● About this task:
The lines below starting at the line containing "G Chenille Letter" and ending at the line containing "JETech Magnetic Case" are to be repeated exactly, with both ends kept and nothing else added.

● Materials provided:
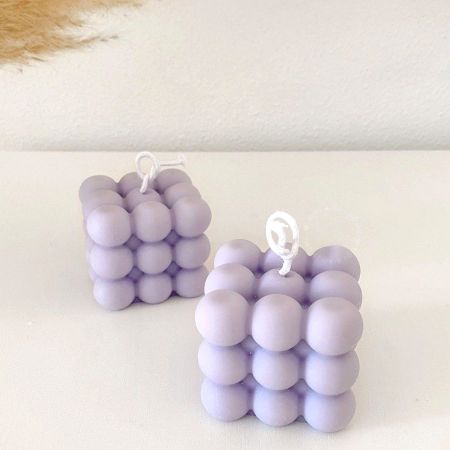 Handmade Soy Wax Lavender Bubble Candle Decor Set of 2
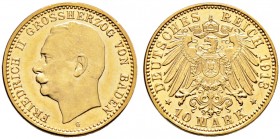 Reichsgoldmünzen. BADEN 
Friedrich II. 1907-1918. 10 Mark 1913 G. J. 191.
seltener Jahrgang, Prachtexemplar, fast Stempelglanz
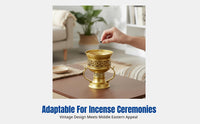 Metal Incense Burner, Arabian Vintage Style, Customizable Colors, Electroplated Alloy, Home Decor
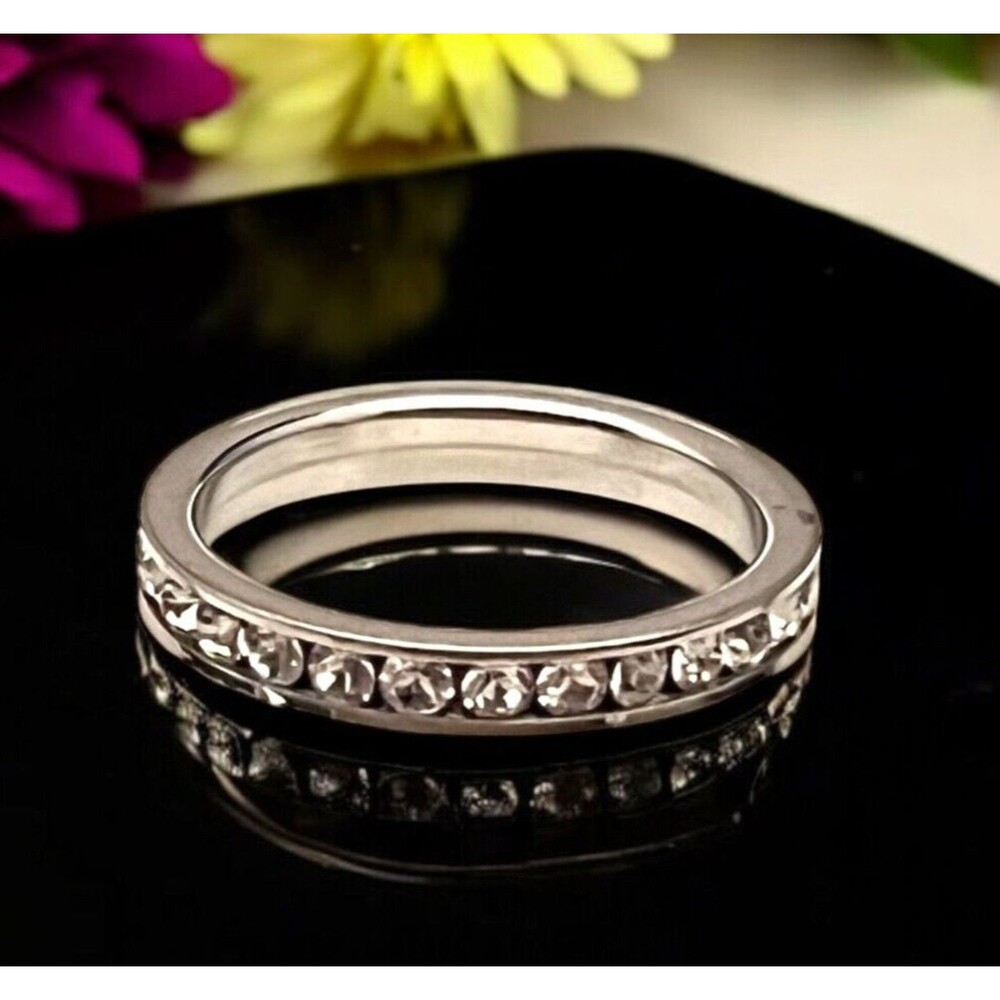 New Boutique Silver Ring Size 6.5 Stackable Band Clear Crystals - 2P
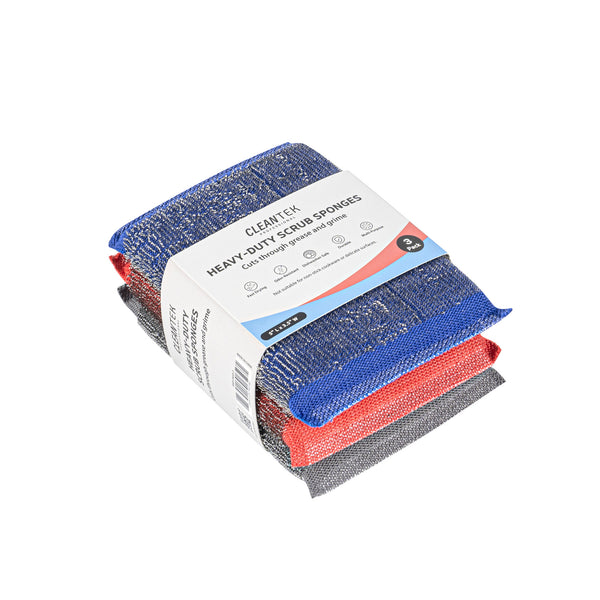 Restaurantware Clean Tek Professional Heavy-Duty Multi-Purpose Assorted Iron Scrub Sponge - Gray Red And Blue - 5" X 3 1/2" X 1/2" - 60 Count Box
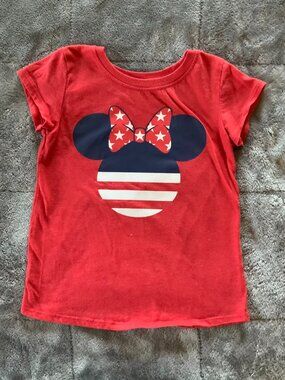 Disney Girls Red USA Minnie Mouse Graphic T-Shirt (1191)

---

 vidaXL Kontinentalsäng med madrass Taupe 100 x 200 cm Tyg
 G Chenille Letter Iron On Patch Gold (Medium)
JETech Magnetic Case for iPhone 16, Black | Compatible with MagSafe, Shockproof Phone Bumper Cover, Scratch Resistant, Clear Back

--

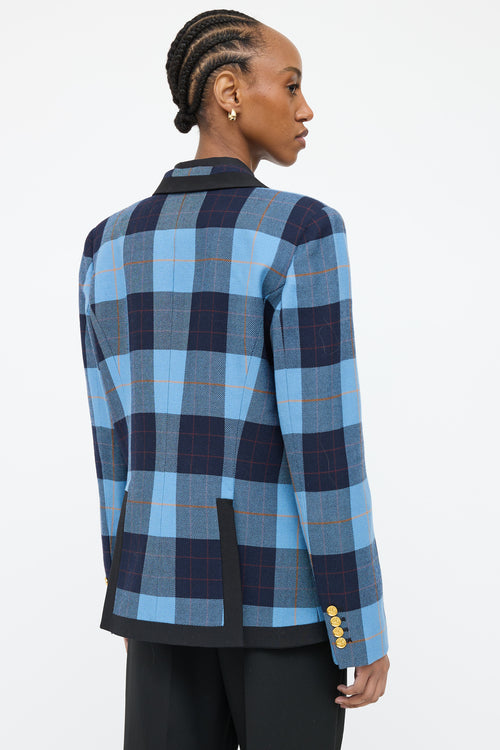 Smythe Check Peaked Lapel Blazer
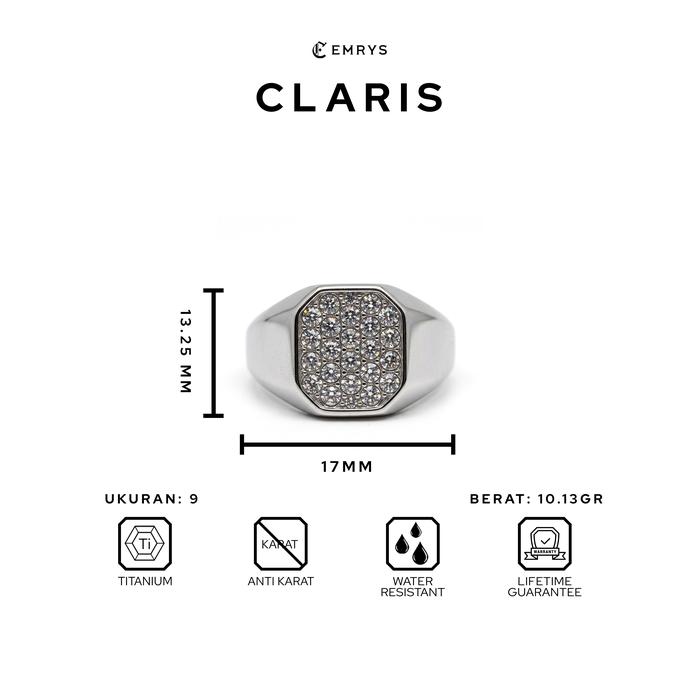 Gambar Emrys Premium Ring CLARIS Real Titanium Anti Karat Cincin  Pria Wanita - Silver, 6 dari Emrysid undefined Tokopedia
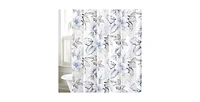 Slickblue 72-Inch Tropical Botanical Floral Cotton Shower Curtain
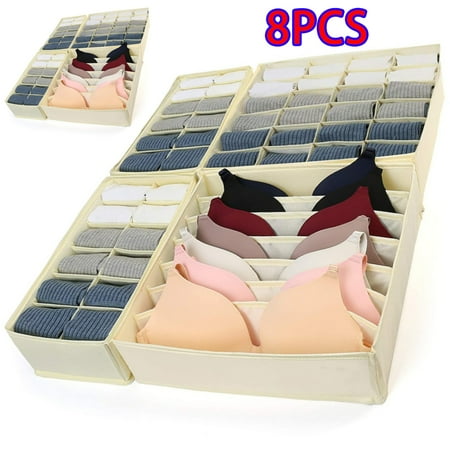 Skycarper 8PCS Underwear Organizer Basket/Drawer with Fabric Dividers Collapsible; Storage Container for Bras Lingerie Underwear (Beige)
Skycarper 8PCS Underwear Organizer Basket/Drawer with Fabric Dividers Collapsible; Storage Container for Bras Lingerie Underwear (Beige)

● Answer space:
 G Chenille Letter Iron On Patch Gold (Medium)
JETech Magnetic Case for iPhone 16, Black | Compatible with MagSafe, Shockproof Phone Bumper Cover, Scratch Resistant, Clear Back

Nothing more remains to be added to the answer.